Re: Single-file Snaprestore Causing Performance Impact?

19 Sep 2014


      Yes, a colleague started a large snaprestore (1Tb on SATA aggr) and it ended up coinciding with the full backups late on the 
weekend.  The datastore became unavailable via NFS - the 3rd shift support engineer had me on the line waiting, for an hour before I suggested we just reboot.
It was another hour before I insisted we just reboot the head and service was restored on NFS - then I revovered several VMs.
I never use snaprestore personally, it is very slow - I recommend a 10g attached rsync host to recover directly from the .snapshot dir and rsync provides throughput and progress stats and can be restarted if interrupted.
This is likely a snaprestore/NFS related bug in ontap - please let me know if you get any RCA from your perfstats!
Cheers,
Fletcher.
On Sep 17, 2014, at 6:30 PM, Ray Van Dolson rvandolson@esri.com wrote:
...
That's something we're definitely keeping in mind as we put together
our own internal RCA.  This particular box *was* quite busy with the
SATA disks in question at times oversaturated.  Perhaps our snaprestore
issue would not have reared its head absent some of that
oversaturation?  It certainly could have contributed to creating
conditions where snaprestore could cause the side effects we observed.
With that said, it did not appear that snaprestore running was
introducing new "load" -- at least from a metrics standpoint.
OnCommand graphs didn't show anything different than what I'd quantify
as typical load.  We couldn't even tell visually where snaprestore
kicked in from the graphs... based on this we initially discounted that
snaprestore could be causing the problems...
Fletcher, did your issue occur on a potentially oversaturated
environment?
Thanks for all the replies.
Ray
On Thu, Sep 18, 2014 at 01:24:26AM +0000, Parisi, Justin wrote:
...
If you are rebooting the controller, you might as well core the box. That
may help in analysis of the issue.
Keep in mind that if you¹re hammering disks in a system with something
external (like NDMP) you can affect other protocols, such as CIFS and NFS.
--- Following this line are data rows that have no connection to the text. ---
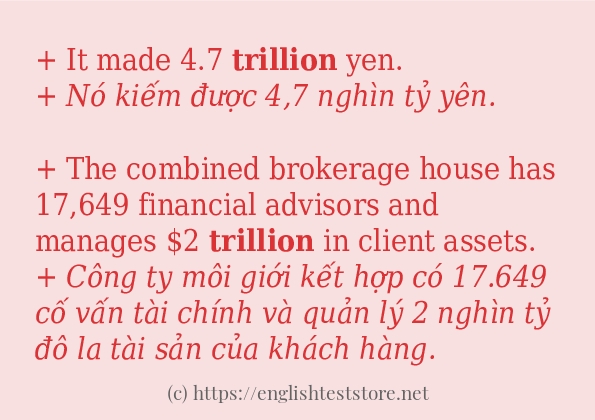 Cách sử dụng và câu ví dụ của từ trillion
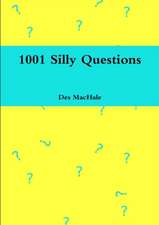 1001 Silly Questions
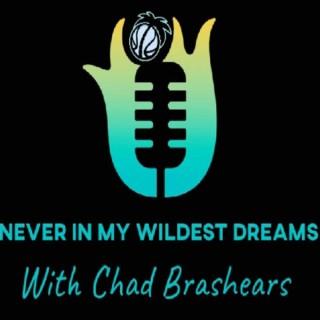 Never in my Wildest Dreams Podcast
The system has limited resources available to it, and pegging out disks,
CPU, RAM, etc can impact everyone. Perfstat would be able to verify if
you¹re pegging resources. If it¹s not a resource issue with hardware and
is a software bug, a core file would help verify that.
On 9/17/14, 8:28 PM, "Ray Van Dolson" rvandolson@esri.com wrote:
...
Hmm.  And you're on a version fairly close to ours.  For us, NFS
service actually recovered on its own -- after 30 minutes or so of
"impact".  Then it would be stable for a while and the issue would
return.  Rinse & repeat.  Rebooting the controller did expedite
recovery (though didn't prevent reocurrence).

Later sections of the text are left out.